First, I do know that we're all well-meaning people (I will also extend this assumption to everyone reading this), and as such, we don't want to see reckless mistreatment of life. We generally don't support wars (or violence in general) except as a last resort.

Second, had the punishment not "fit" the crime, for instance, if Nguyen had been hung for littering or chewing gum (both are crimes in Singapore), everyone would have been outraged.

However, I think it's a matter of degree. Hear me out:

I didn't support the war in Iraq. I didn't buy the White House's arguments that Saddam was still much of a threat: I was up-to-date on all the arguments and I knew that the U.N. had largely disarmed him. I also knew that the U.N. required that Iraq report on its weapons programs and I knew that the White House heavily edited this report before releasing it to the rest of the U.N. council. (The White House used the report's "incompleteness" at the time as justification for the attack, so I really didn't trust Bush and pals. They appeared to be lying, and history has now shown that they were.)

But the primary reason I did not support the war in Iraq was that I have two nephews of miltary age whom I love dearly. I could not sacrifice either of them to stop Saddam. Given my refusal to send my loved ones to war, I had no right to sacrifice other people's loved ones.

And this is the crux of my position on Nguyen: there is no one I would punish by capital punishment, so I cannot support it. And if it were someone I loved, I would want everyone to help me stand up against it, since I could not do it alone.

And that is why I stood up for Nguyen.

5 Comments:

Blogger Rachel said...

Hi Elissa,

I'm one of the ambivalents. The issue for me is that in this world there are so many people dying due to circumstances completely beyond their control that it is hard for me to get as worked up about someone who dies as a result of his own choice and action. My heart cries out for so many anonymous people but for Nguyen I just can't help but think 'you were the idiot who decided to smuggle drugs'. I think if this were more about the death penalty in Singapore in general I might get more worked up, but then again, I'm not sure whether it is our role to force another sovereign nation to change its laws. And then I wonder why I feel so callously when really I don't think anyone should be eternally punished for a stupid mistake.

11:10 am  
Anonymous Ingrid said...

I am against capital punishment. However I have to agree with Rachel in that eveyone knows there's the death penalty for drug smuggling in Singapore, and if you're silly enough to do it anyway then you just have to cop the punishment.
On the other hand, I do this its sexist that Nguyen got barely any press until right at the end, while the two chicks up on drug charges got heaps of coverage.
And if we're going to do something about capital punishment, then surely we need to be looking at all the contries that have it, not just Singapore.
The other thing is that while I agree that it would be good for Singapore to change their laws, I'm not going to blame the people of Singapore for their laws because I would hate to be blamed for the stupid laws that our government have just passed.

5:30 pm  
Blogger elissa feit said...

Absolutly. If the people were blamed, then I would have to cop it for both the US and the Australian laws. 8-)

7:33 am  
Anonymous Shane said...

Side note: it's been reported that Nguyen was carrying 26,000 hits of heroin. According to a Sydney Morning Herald piece the 400 grams Nguyen had makes maybe 2000 hits. A very different figure.

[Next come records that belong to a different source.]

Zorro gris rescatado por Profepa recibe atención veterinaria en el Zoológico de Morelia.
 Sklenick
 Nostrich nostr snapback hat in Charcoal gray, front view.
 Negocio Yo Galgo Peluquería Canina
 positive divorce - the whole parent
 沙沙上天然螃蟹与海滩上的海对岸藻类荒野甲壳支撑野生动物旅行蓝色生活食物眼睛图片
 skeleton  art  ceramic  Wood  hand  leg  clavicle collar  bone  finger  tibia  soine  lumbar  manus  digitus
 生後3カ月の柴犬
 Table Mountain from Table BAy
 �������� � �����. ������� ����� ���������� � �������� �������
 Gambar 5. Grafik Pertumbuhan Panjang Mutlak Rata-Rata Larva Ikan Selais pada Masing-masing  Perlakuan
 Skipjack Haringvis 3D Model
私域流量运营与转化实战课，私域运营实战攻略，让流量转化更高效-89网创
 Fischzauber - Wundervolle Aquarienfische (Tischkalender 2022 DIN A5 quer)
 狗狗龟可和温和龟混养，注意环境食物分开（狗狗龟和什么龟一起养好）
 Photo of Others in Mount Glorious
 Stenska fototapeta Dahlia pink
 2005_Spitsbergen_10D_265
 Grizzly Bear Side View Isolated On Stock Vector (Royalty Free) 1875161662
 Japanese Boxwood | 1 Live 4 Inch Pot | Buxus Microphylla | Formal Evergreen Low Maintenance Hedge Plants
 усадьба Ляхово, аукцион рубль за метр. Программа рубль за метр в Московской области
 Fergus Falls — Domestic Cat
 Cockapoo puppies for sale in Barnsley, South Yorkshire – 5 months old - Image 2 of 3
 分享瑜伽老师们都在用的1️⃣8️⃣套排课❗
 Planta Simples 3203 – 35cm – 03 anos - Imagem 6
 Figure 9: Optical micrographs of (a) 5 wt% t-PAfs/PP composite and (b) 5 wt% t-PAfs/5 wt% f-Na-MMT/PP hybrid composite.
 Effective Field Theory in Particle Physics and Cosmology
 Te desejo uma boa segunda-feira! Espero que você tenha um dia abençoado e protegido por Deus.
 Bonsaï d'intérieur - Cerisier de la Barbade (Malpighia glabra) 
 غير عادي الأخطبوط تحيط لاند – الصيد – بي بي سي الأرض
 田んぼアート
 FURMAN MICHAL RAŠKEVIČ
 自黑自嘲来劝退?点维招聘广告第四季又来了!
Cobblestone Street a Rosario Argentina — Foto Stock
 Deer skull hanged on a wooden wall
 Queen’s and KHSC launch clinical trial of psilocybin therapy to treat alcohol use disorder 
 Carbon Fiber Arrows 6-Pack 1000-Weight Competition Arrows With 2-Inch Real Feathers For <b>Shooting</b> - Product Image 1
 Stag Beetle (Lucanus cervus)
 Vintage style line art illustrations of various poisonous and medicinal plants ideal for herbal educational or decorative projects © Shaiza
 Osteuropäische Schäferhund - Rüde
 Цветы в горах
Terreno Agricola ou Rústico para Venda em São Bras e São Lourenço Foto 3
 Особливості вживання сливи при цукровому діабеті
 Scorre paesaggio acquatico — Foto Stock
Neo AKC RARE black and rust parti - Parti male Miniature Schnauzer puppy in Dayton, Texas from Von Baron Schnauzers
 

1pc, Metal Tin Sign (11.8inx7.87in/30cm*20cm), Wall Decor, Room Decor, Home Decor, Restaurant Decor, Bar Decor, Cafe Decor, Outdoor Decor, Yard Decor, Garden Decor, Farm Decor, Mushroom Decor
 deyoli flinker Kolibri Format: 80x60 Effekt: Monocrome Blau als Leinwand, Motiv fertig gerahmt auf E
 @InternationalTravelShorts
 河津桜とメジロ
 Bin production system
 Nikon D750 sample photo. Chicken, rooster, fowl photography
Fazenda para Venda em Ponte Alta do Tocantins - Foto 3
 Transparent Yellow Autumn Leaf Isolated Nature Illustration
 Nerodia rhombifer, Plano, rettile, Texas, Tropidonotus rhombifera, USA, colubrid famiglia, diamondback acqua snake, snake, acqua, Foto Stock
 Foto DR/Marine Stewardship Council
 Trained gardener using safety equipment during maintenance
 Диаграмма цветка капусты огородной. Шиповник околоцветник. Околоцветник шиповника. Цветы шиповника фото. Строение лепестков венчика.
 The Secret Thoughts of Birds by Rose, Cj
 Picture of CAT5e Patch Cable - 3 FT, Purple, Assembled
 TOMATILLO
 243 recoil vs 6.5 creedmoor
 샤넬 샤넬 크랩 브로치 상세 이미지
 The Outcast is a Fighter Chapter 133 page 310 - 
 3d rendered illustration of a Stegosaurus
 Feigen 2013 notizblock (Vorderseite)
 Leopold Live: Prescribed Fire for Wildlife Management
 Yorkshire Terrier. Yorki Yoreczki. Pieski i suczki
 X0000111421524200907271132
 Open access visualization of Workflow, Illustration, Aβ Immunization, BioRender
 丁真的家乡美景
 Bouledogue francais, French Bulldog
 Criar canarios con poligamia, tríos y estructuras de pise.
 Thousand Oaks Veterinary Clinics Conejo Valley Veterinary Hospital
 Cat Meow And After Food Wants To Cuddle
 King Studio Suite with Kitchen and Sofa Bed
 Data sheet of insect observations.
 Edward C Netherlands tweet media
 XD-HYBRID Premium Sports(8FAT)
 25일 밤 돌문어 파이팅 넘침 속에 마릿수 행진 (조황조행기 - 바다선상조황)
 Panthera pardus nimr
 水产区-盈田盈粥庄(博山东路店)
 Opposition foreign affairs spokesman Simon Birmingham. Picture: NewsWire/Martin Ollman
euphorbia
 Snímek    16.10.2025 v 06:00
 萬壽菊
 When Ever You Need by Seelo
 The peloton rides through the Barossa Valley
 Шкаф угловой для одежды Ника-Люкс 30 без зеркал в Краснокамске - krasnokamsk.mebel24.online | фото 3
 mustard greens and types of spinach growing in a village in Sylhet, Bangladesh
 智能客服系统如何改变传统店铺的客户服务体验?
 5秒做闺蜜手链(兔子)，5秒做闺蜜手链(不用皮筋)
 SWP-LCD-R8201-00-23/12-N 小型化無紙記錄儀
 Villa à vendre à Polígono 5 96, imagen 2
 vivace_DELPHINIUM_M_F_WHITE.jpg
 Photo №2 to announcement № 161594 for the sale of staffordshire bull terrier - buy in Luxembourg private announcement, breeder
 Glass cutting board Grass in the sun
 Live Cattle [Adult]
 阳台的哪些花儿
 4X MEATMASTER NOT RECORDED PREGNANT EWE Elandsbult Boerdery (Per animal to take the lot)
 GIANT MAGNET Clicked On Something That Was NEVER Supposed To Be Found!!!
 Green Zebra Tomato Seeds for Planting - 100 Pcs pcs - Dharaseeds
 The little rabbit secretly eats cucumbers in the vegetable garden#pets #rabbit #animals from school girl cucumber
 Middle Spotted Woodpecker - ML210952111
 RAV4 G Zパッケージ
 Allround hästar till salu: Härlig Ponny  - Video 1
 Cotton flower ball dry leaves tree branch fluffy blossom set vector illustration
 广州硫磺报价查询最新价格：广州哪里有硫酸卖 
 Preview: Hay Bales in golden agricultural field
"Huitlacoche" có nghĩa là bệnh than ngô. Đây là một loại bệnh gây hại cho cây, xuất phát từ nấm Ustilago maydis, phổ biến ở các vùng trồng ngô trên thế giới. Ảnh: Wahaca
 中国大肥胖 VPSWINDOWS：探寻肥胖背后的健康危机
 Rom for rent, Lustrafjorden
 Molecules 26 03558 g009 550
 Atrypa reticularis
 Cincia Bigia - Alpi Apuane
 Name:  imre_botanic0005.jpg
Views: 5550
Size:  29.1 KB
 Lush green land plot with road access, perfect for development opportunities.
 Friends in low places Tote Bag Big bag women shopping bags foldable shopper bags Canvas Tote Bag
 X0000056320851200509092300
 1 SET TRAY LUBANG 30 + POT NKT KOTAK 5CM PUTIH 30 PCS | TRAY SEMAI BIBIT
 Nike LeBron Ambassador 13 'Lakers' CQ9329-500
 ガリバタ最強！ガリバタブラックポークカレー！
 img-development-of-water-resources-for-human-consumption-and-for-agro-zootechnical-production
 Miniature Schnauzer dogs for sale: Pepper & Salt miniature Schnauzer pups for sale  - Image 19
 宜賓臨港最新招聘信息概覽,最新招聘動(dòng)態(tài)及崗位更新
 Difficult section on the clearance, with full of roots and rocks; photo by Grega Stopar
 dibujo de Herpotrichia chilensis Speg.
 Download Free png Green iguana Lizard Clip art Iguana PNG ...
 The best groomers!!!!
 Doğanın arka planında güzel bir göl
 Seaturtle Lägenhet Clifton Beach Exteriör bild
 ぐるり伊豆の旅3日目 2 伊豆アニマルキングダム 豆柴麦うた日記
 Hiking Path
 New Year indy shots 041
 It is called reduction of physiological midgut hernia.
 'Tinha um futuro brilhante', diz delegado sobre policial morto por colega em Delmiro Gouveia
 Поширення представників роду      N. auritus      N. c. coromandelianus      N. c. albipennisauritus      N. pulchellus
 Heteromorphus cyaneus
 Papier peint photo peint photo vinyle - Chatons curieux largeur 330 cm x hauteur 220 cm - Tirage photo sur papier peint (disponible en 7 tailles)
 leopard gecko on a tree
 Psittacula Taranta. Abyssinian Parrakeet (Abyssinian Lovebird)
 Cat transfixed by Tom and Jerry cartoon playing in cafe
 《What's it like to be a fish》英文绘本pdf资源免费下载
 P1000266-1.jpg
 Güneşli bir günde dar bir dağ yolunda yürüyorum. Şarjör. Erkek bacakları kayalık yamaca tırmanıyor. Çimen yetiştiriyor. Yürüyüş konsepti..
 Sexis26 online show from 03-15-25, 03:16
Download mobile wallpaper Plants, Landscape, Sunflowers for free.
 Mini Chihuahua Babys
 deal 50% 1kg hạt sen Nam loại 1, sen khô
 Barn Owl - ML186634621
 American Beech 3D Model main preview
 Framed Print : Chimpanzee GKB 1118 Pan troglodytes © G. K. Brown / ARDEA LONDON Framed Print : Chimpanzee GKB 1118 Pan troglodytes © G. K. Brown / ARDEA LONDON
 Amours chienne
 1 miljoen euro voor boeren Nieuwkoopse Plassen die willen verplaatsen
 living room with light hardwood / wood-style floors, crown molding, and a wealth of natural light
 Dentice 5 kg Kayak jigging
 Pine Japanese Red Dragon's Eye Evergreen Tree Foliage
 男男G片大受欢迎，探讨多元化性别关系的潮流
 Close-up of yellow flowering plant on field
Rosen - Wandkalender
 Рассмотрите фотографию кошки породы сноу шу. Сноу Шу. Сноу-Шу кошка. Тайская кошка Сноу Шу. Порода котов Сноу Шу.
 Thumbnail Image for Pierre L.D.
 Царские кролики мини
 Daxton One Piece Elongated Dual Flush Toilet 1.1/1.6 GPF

"..the idiot who decided.." "..silly enough to do it anyway..".

Wow. just, Wow. Can't find words for my response to this view but it *does* make me ask.

That Nguyen was paying a debt [for his brother]. Do people not believe his claim there, or does it not make a difference? I'm surprised to find that for me it makes his action somehow noble. Other people don't seem to think so.

Ing: Is someone blaming Singaporeans? I've not heard it. I hate being blamed for Australia's stupid laws too but I don't want friends overseas to stop calling me on it, and I say I'm trying to change them as best I know how.

1:43 pm  
Blogger elissa feit said...

Hi Shane,

Thanks for posting that. The number of doses certainly makes a difference to my understanding. 26,000 is a lot of lives potentially harmed. 2,000 is a lot less. 100 regular users for 1 year's supply. And it's a crime for which he would theoretically be jailed and then released while he still a young man. He would have a life ahead of him still.

The irony is that the drugs were never slated for Singapore. And Nguyen was convicted and punished as if his crime could have in any way affected Singapore.

My goal in these posts has simply been to figure out where we do and don't respect life for its own sake,.

I've lost loved ones. I felt just awful for his mum.